_Required work_
Exactly and only the lines from the one with "Commode-Bristol-2-decor-beton-blanc-front-FMD" through the last line of the records need to be set down; please skip the pictures.

━━━

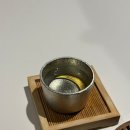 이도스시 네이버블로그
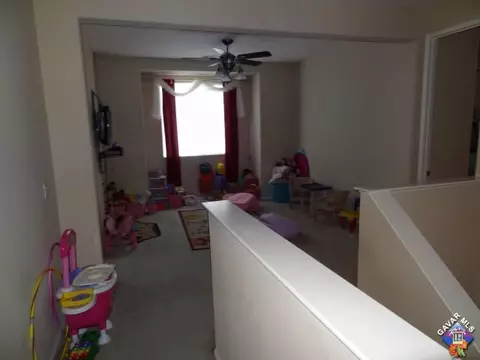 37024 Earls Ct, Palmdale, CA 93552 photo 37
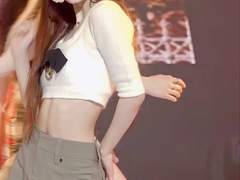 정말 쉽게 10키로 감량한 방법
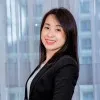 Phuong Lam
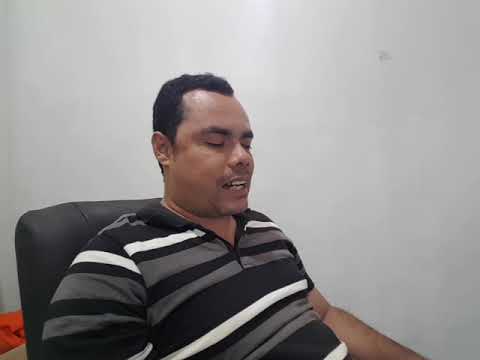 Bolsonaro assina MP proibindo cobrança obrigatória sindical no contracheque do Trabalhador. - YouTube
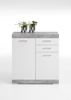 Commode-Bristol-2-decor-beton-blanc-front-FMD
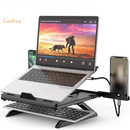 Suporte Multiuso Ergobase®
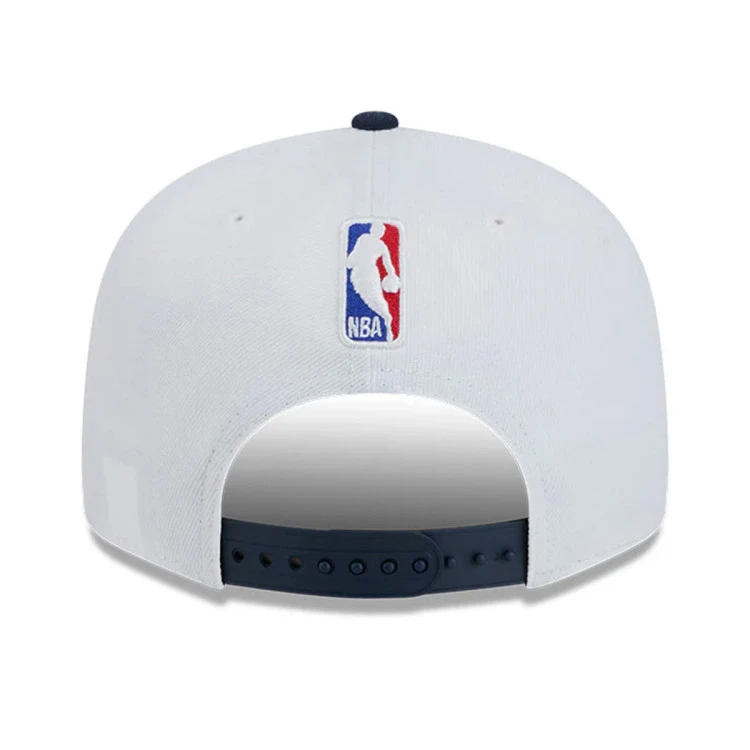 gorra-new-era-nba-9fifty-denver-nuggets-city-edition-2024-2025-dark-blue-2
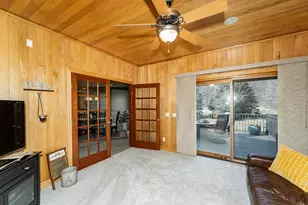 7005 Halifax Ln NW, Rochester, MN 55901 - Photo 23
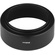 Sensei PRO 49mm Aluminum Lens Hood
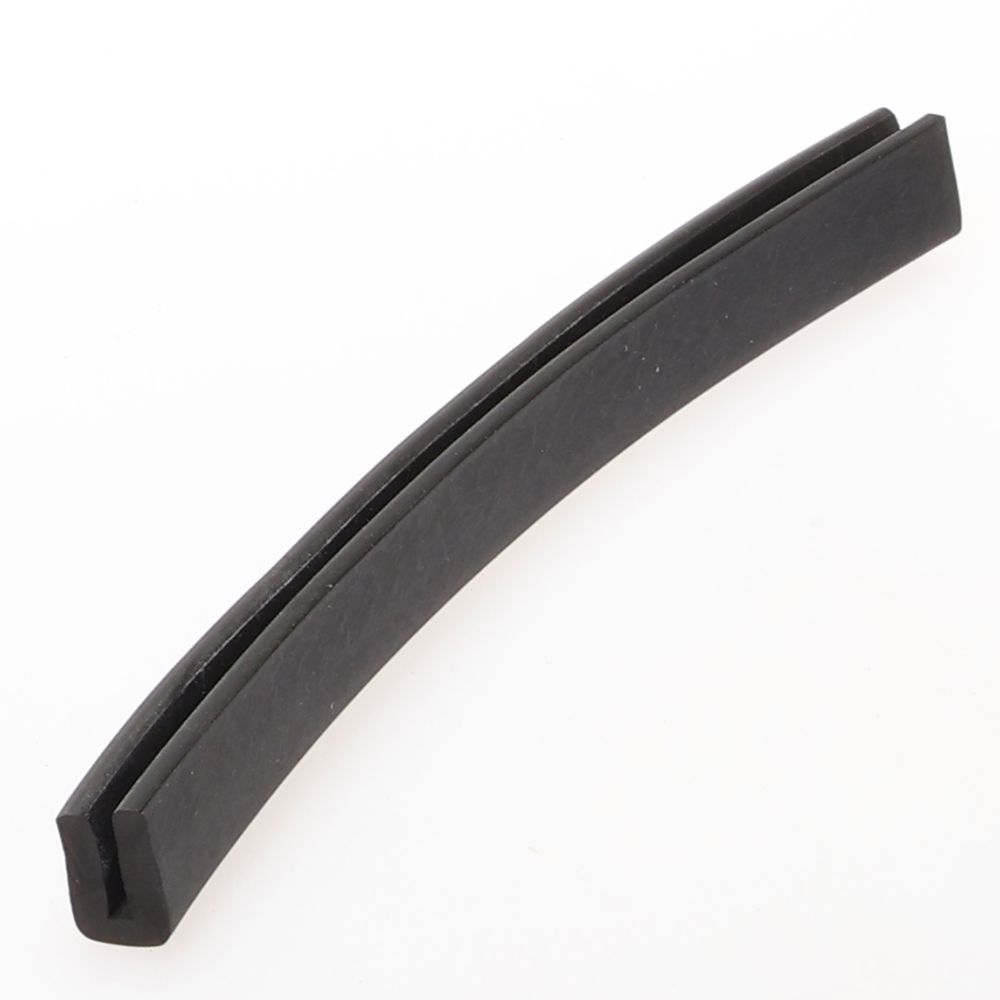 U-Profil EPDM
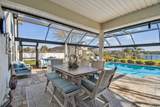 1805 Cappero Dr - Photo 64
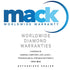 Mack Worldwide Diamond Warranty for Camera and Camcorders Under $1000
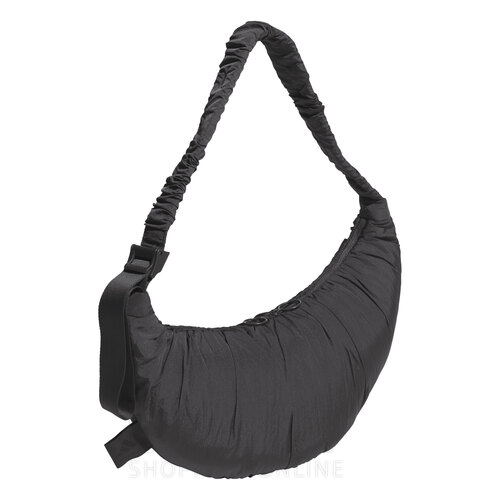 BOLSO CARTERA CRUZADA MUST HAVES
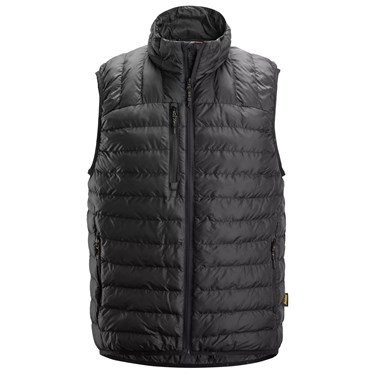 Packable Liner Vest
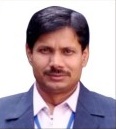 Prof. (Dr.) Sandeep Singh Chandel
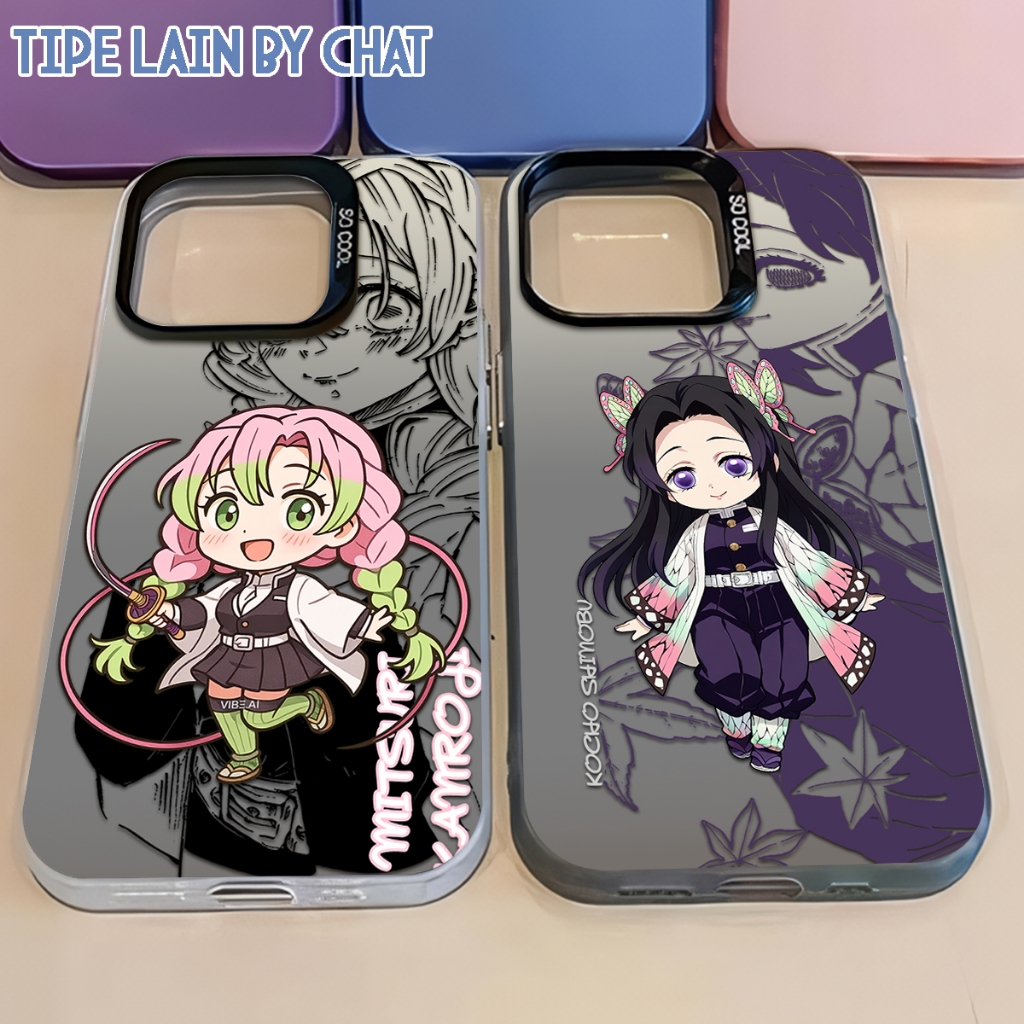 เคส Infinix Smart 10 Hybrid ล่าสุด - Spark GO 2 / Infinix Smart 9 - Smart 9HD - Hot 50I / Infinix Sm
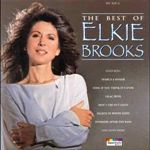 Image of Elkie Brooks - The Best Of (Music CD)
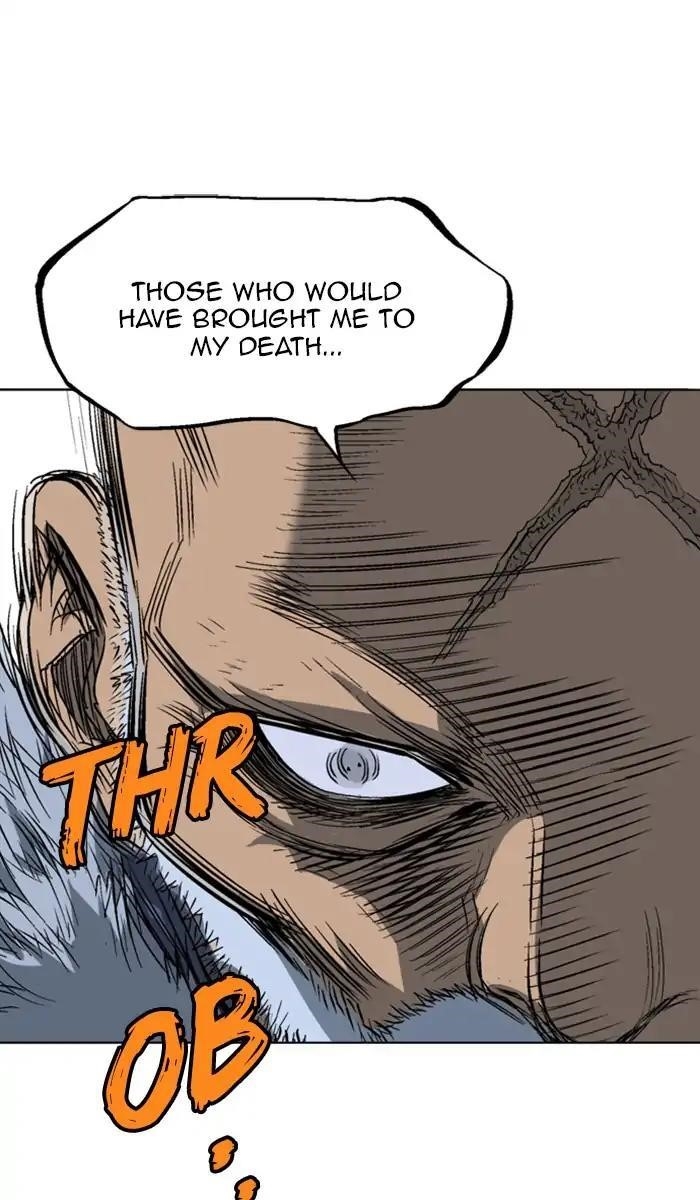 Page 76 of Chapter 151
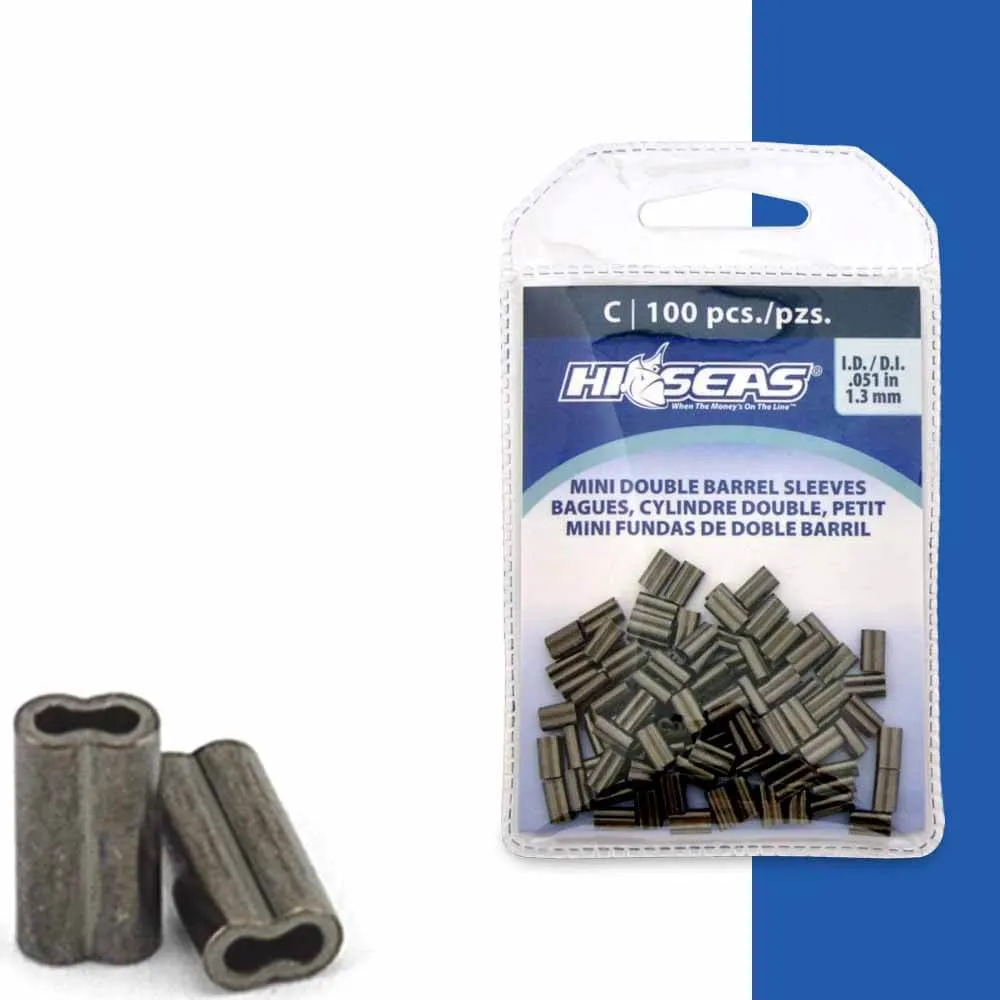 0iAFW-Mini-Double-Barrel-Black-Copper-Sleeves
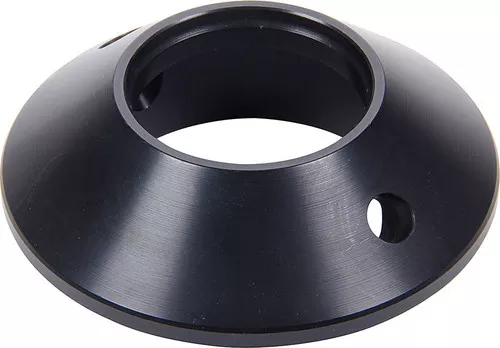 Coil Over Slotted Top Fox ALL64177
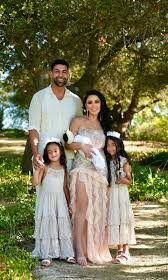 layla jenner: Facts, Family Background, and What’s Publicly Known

━━━

_Exercise solution_
 Commode-Bristol-2-decor-beton-blanc-front-FMD
 Suporte Multiuso Ergobase®
 gorra-new-era-nba-9fifty-denver-nuggets-city-edition-2024-2025-dark-blue-2
 7005 Halifax Ln NW, Rochester, MN 55901 - Photo 23
 Sensei PRO 49mm Aluminum Lens Hood
 U-Profil EPDM
 1805 Cappero Dr - Photo 64
 Mack Worldwide Diamond Warranty for Camera and Camcorders Under $1000
 BOLSO CARTERA CRUZADA MUST HAVES
 Packable Liner Vest
 Prof. (Dr.) Sandeep Singh Chandel
 เคส Infinix Smart 10 Hybrid ล่าสุด - Spark GO 2 / Infinix Smart 9 - Smart 9HD - Hot 50I / Infinix Sm
 Image of Elkie Brooks - The Best Of (Music CD)
 Page 76 of Chapter 151
 0iAFW-Mini-Double-Barrel-Black-Copper-Sleeves
 Coil Over Slotted Top Fox ALL64177
 layla jenner: Facts, Family Background, and What’s Publicly Known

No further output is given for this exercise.